SINGAPORE - Exports fell for the fifth straight month in June, capping one of the worst periods for Singapore's shipments since the 2009 recession.
Non-oil domestic exports tumbled 8.8 per cent last month compared with the same period last year, said trade agency IE Singapore.
The surprisingly weak performance prompted some economists to warn that the latest economic estimates for the April to June period could get downgraded.
Flash estimates last week showed that the economy grew 3.7 per cent in the quarter over the same three months last year.

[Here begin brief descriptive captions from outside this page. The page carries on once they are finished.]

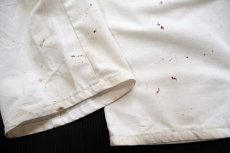 画像8: Dickiesディッキーズ ペンキ飛び ペインターパンツ 白 W34 L32★21 (8)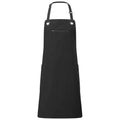 Black-Charcoal - Front - Premier Barley Recycled Full Apron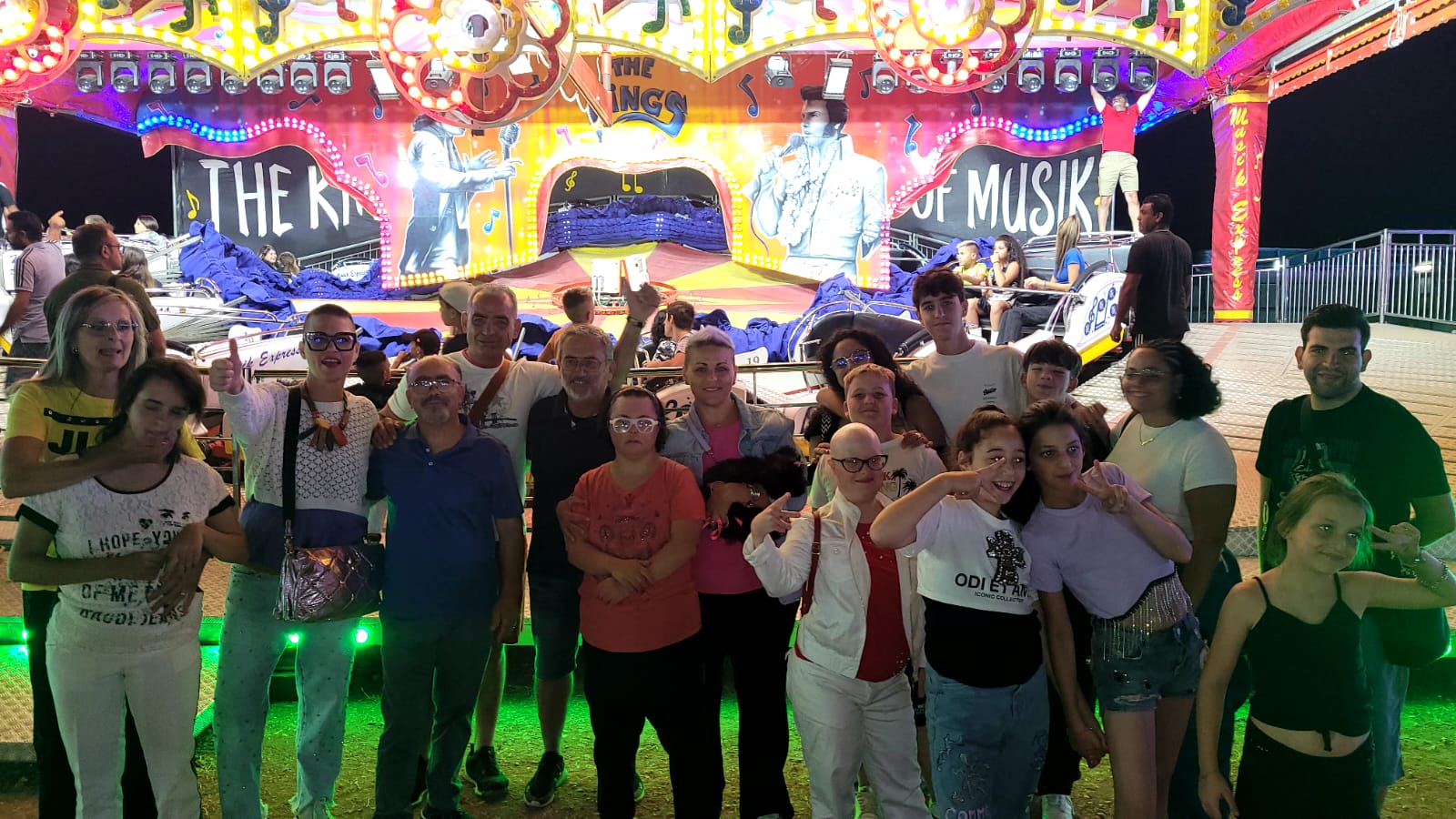 Una serata al Luna Park per l’Associazione “Sempravanti”. Il gesto di Giuseppe D’Introno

But Barclays Capital economist Joey Chew said: "Indeed, we think the advance estimate of second-quarter GDP, which is based on data for April-May, will be revised lower next month once June indicators are incorporated."
Nearly all the major products saw declines, with electronics shipments diving 12.4 per cent and non-electronic items, such as pharmaceuticals, slumping 7.1 per cent.
The picture was no better when it came to export markets, with exports down sharply in all major markets except China.
Shipments to Europe fell 33.6 per cent, but rose by 7 per cent to China. But that bright spot may not stay for long, especially as the country's economy is cooling, said Bank of America Merrill Lynch economist Chua Hak Bin.
"Slowing growth in China may translate into weaker exports later in the year. Sluggish external demand will continue to weigh on Singapore's growth prospects," he said.